In many ways, this book is similar to Keeler's The Murdered Mathematician. Both books involve unbelievable coincidences. Also, in both, the detective hero must solve the crime using mathematics. This time, it is not in order to obtain an inheritance (although another character's inheritance does depend on the outcome), but because the publisher of his book, Mathematics versus Crime, insists that he demonstrate the principle before they will print it. [Note added later: The preface to Keeler's The Case of the Flying Hands explains that the cases of "barking clock" and "the murdered mathematician" were originally conceived as two of four mathematical mysteries that the protagonist of that novel was supposed to solve in that book, but were pulled out to form The Murdered Mathematician and this novel.
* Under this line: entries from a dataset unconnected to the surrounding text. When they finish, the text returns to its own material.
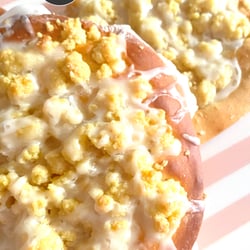 Food / 2022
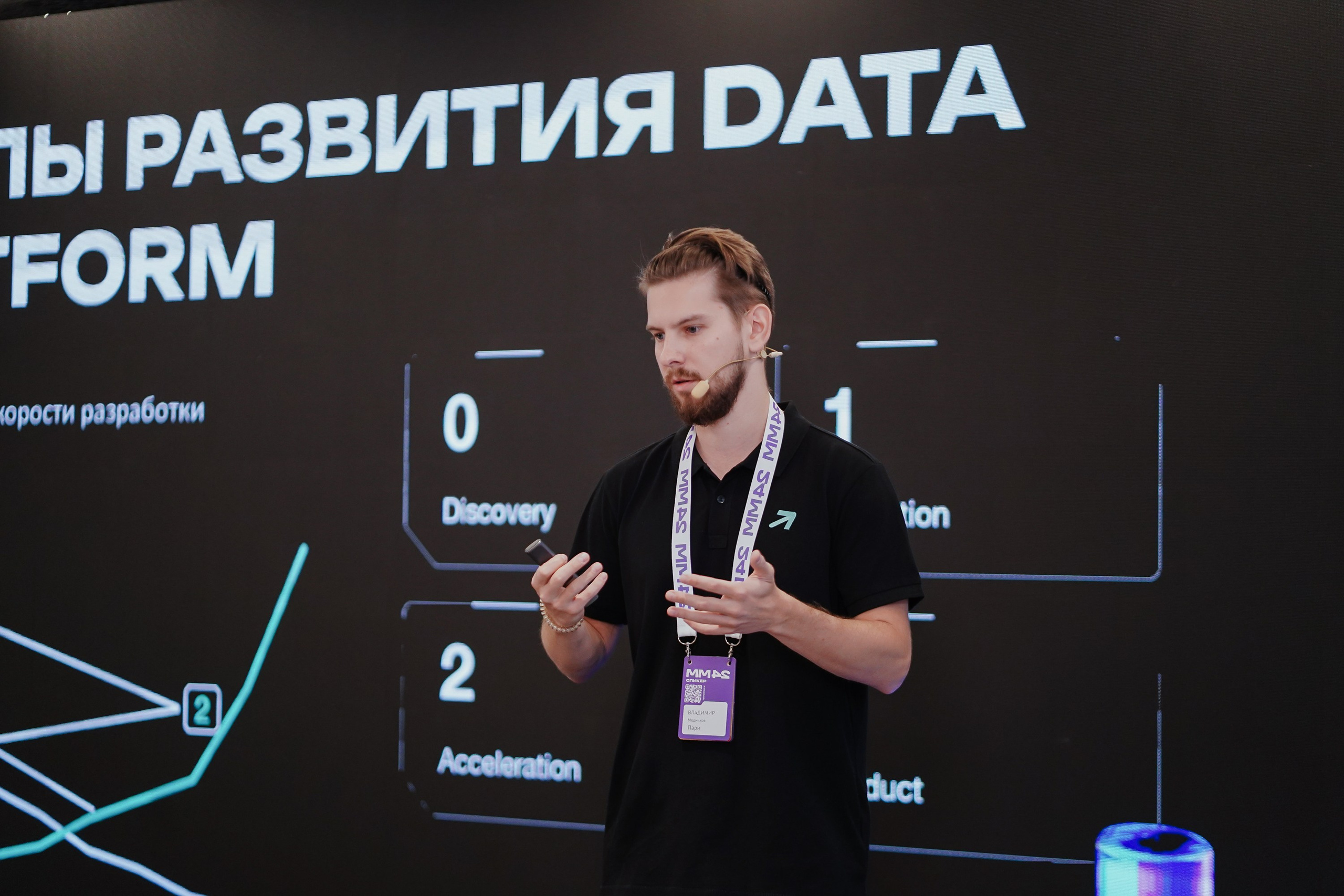 Матемаркетинг — 7–8 ноября 2024. Фотобанк Матемаркетинг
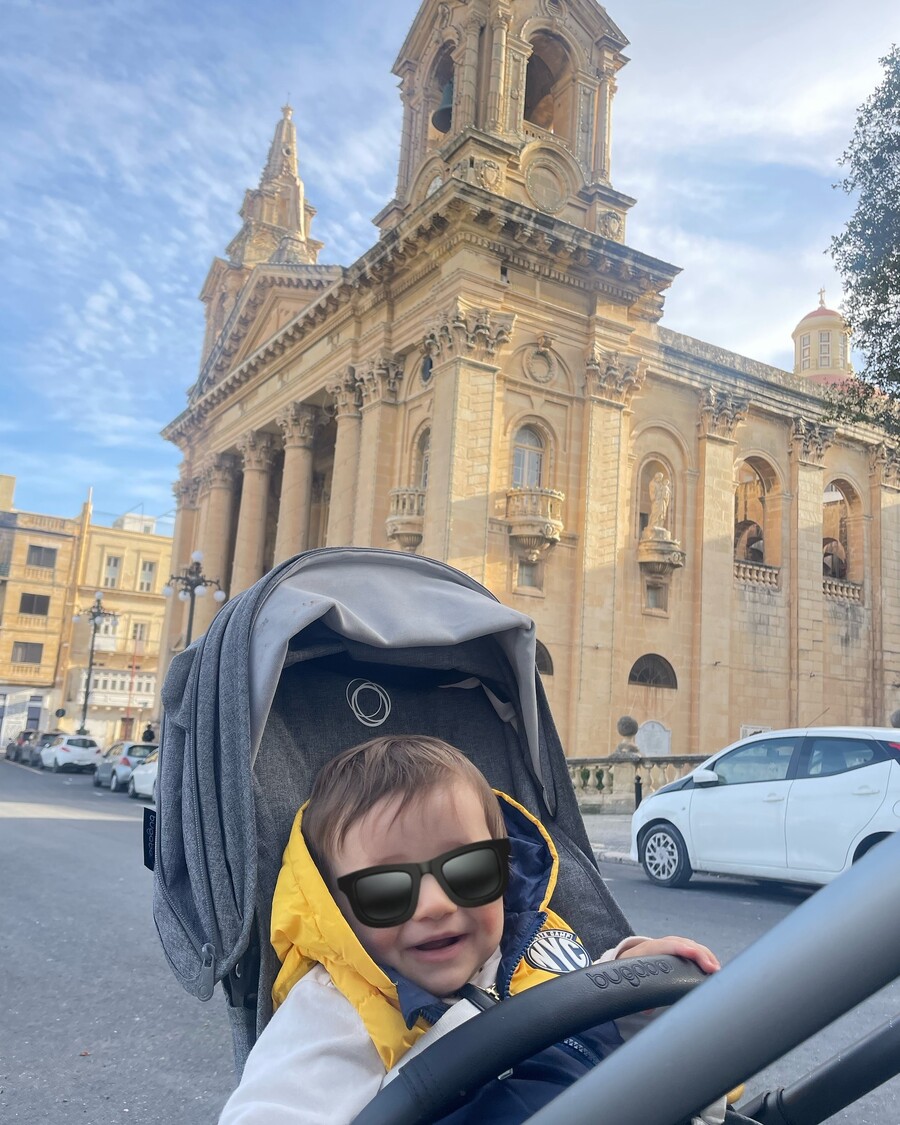 TROUFAKOU_KAI_GIOS_MALTA_4_52c64.jpg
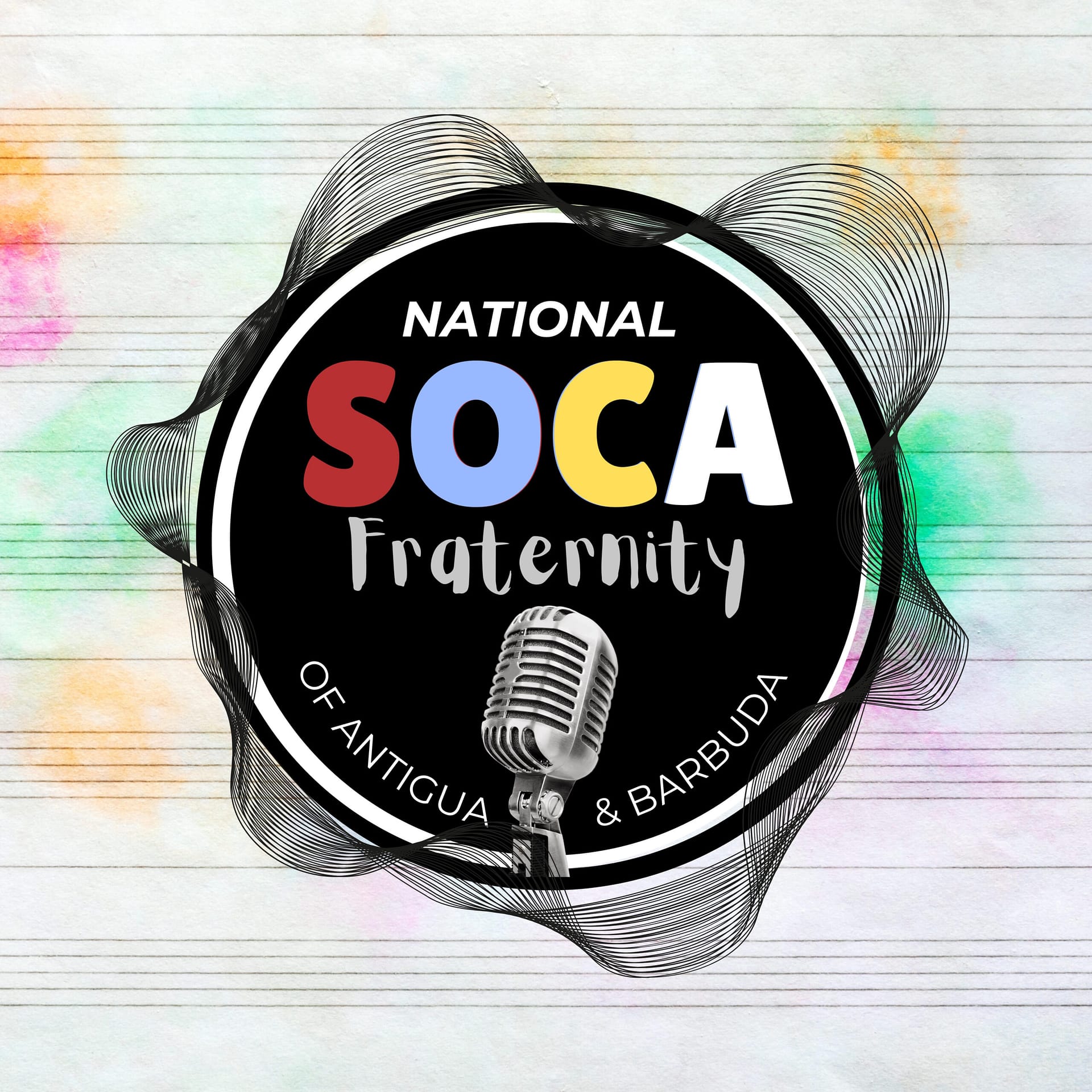 Soca Fraternity Condemns Private Judging Decision in Monarch Quarterfinals
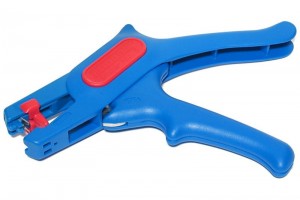 CABLE STRIPPER 0,2-6mm2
This at least partially explains their similarities.]
However, there is quite a bit more mathematics in The Murdered Mathematician. So, if you are at this website because of your interested in mathematically flavored fiction, I recommend you start with that other book and then, if you absolutely love this author's wacky style and want more, move onto The Barking Clock.
(BTW His wife is listed as co-author because she wrote one chapter of the book, which is presented as an unrelated short story that one character in the novel uses to pass information to another.)
(quoted from The Barking Clock)
"Good, Joe. Very good. For this reason: an analysis of your case from a new angle -- yes, mathematics - would only rivet your guilt on you tighter if you were guilty. Mathematics never lies, Joe. Never! But, if you're innocent an analysis along new lines never before followed might -- should turn the whole construction around. But even a mathematically arrived at hypothesis has to be proven..."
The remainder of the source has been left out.